The real challenge in setting up the Information Architecture is not the technical configuration.  That’s a walk in the park.  The real hard part is gathering the experts to define the taxonomies and making the appropriate decisions is the hardest part in large organizations.   If you have an existing farm that has grown organically and has not taken advantage of content types, the syndication hub, it is actually possible to wrestle it from chaos to order, but it’s not a cakewalk.  I have created a range of scripts and techniques for publishing the components of the new Information Architecture, and reassigning documents and metadata to it, resulting in the structured farm that works within the defined Information Architecture framework.

Records Management with SharePoint – part 1

SharePoint 2010 has some great capabilities for implementing a true Records Management policy.  Let’s explore both the capabilities as well as limitations, and how to extend SharePoint to create a true enterprise-class Records Management system.

The overarching goal in Records Management is to ensure Records are handled in a manner that is consistent with the organization’s Records policy.  So first a policy must be defined across the enterprise, and then all systems including SharePoint must manage documents in a policy-compliant, automated, user-friendly and auditable fashion.  Strategically we want to:

  • Limit demands on the user
    Simplify metadata tagging, and hide records jargon from end-users
  • Policy based disposition
    Automate disposition to eliminate the dependency on end-users to take action on each document.
  • Enhanced reporting
    Enable users to self-satisfy, to explore document expiration and disposition.

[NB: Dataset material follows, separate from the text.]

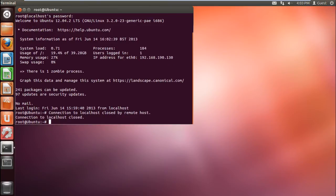And there you have it. The session has been terminated automatically after 25 seconds, which means that the feature has been enabled in the SSH configuration file successfully.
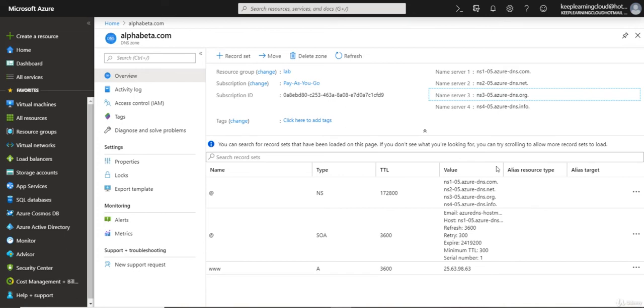When delegating a domain to Azure DNS, you must use the name servers provided by Azure DNS. You should always use all four name servers, regardless of the name of your domain.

First let’s clarify what Records are.  Not all documents are Records.  SharePoint offers a range of capabilities in support of defining and managing records:

  • Records can be managed centrally or in-place
    Central management through sending documents to a “Record Center” offers the ultimate in centralized control, search, storage, security and administration.  However there is a real impact on end-users when Records are moved from their usual home.  SharePoint offers “In-Place Records Management” which is the direction the industry seems to be heading.
  • Records can be blocked from deletion
    End users can be prevented from deleting a Record, which makes sense, as Records Management by definition provides policy for treating Records.
  • Records can be stripped of versions
    This reducing the frequency that multiple versions of a Record are stored.
  • Records can be made read-only
    This can be used to lock down a record so it does not change.
  • Records can and likely do have their own expiration and disposition rules
    SharePoint allows a different policy to be applied to a document if it is a record.
  • Records are quickly identified
    Searching, sorting, filtering are available to identify records.  Documents that are records are also easily identified by a special record mark on the document icon.

Below are the pieces of the puzzle, each of which I will devote an article to addressing:

  1. Define your information architecture
  2. Creating a centrally managed set of Content Types with Information Policies
  3. Wrestling an unstructured set of sites, libraries and documents into a centrally managed information architecture
  4. Document Disposition in SharePoint
  5. Customizing the Expiration Date calculation
  6. Reporting on pending document disposition in SharePoint
  7. Review and approval of document disposition
  8. Control the timing of document disposition

I’m going to delve into how to accomplish the above to define and put in place a Records Management policy and system across an enterprise.